Hace unos días nos enteramos de que once chavales de despedida de soltero se lo estaban pasando tan bien en el tren que hubo que llamar a la policía para que los dejara en tierra y el resto del pasaje pudiera continuar con sus vidas tediosas. La gracia les ha salido a setecientos euros por barba.

En otra liga, hay gente que entra en museos y pringa las pinturas o los cristales o los marcos o las paredes. Aunque la performance también acaba con la llegada de la policía, la acción no obedece a una celebración privada sino a una muy acusada conciencia ambiental y a una militancia. Otro nivel.

Se me han juntado estos eventos dispares porque me imagino parecida excitación en la planificación e idéntica sensación de potencia y acierto en el desempeño. Además, en ambos, no me queda clara la relación entre lo que se celebra o se combate y el medio elegido. Parto de la base de que la coherencia entre los medios y los fines tiene cierto valor.
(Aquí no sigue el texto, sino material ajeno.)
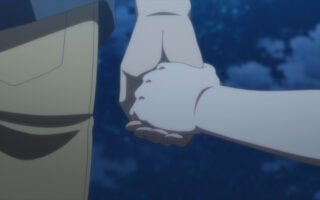 Umi holding Takahara's hand - Summer Pockets Season 1 Episode 18 – Crunchyroll (84)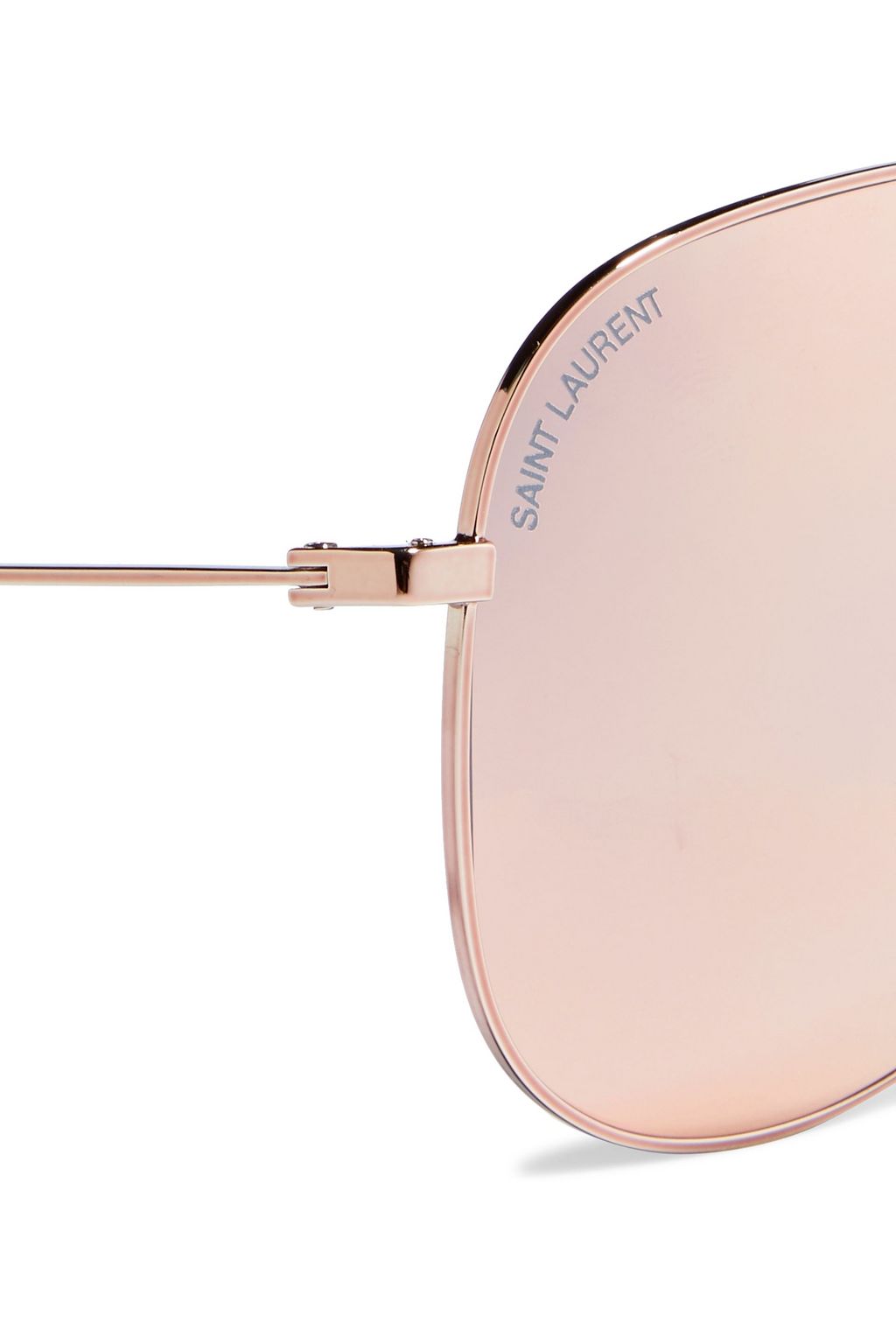 SAINT LAURENT Classic 11 aviator-style gold-tone sunglasses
A quienes despiden la soltería dando penica por la calle o interfiriendo el desarrollo de las actividades habituales del personal les posee una especie de prisa por disfrutar de lo que se infiere que les privará el próximo matrimonio. Propongo un doble remedio, o bien cancelar la boda que tantas restricciones va a ocasionar o bien pensar que no hace falta echar el resto y dosificar, la vida es larga y se puede seguir haciendo el tonto incluso casado. Hay ejemplos. Es buscarlos.

Y a esta militancia ambiental le convendría un poco de reflexión antes de la acción, sobre todo porque en tanto que el activismo trata de denunciar, ilustrar y convencer, es un fracaso que sus producciones se lean como una gamberrada sin pies ni cabeza.